Work item: The expected output is each line from the one containing "Pair of Weathered" to the last line of the data below, set down exactly, minus the pictures.

Data:
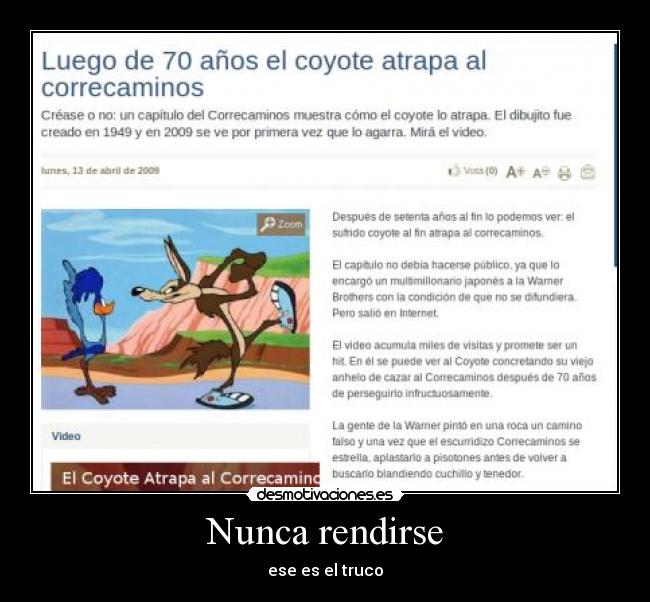 carteles coyote correcaminos desmotivaciones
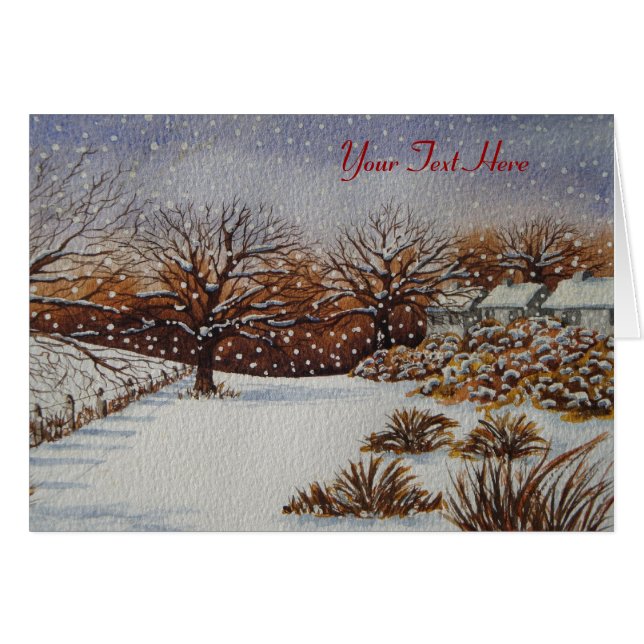 ländliche Hütten und Schneeszene (Vorderseite (Horizontal))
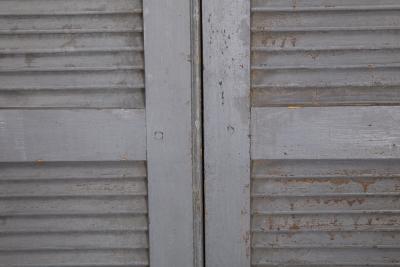 Pair of Weathered Gray Painted Arched Dome Louvered Doors 19th Century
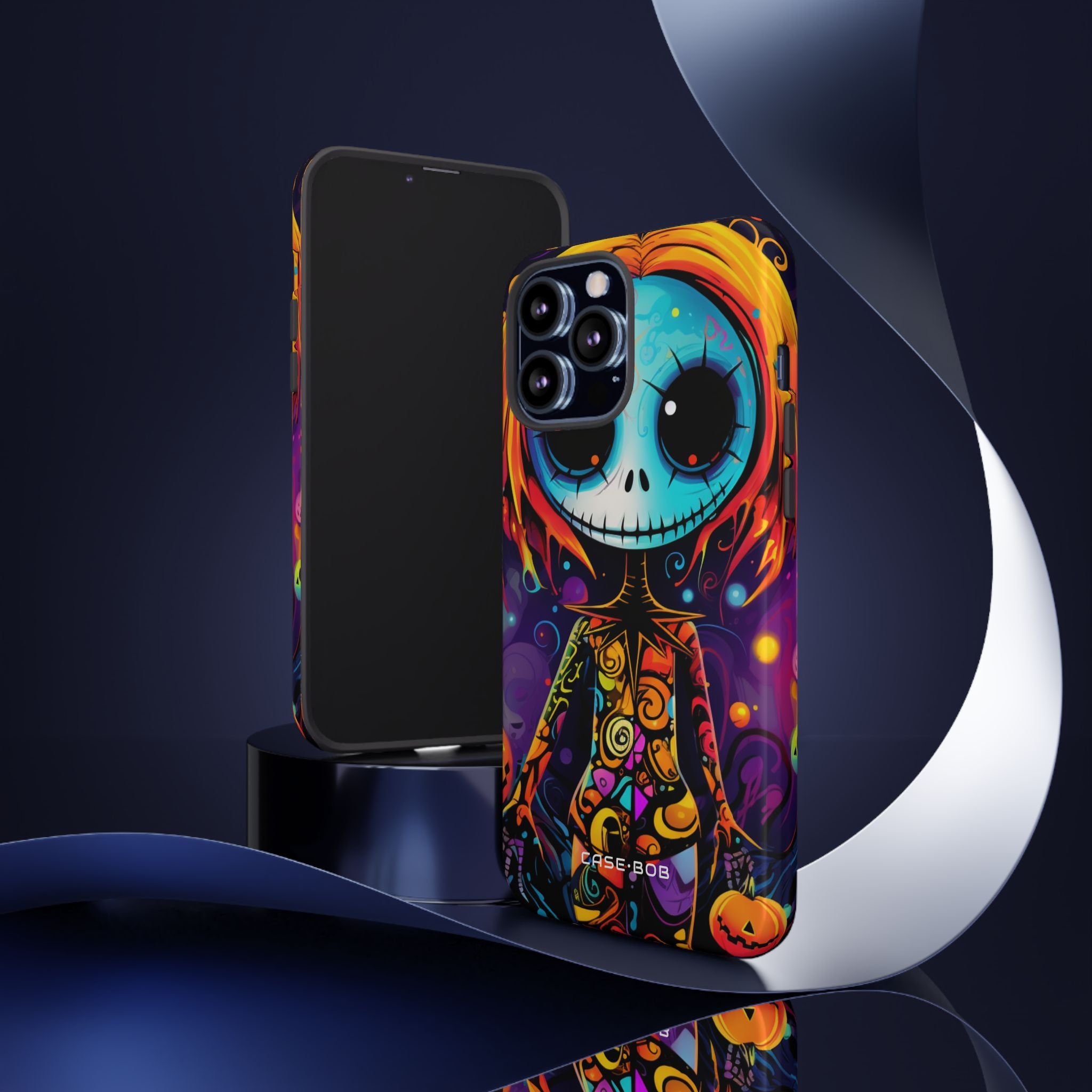 Blue Skull Swirl iPhone 13 Pro Case - Tough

Task answer:
 Pair of Weathered Gray Painted Arched Dome Louvered Doors 19th Century
 Blue Skull Swirl iPhone 13 Pro Case - Tough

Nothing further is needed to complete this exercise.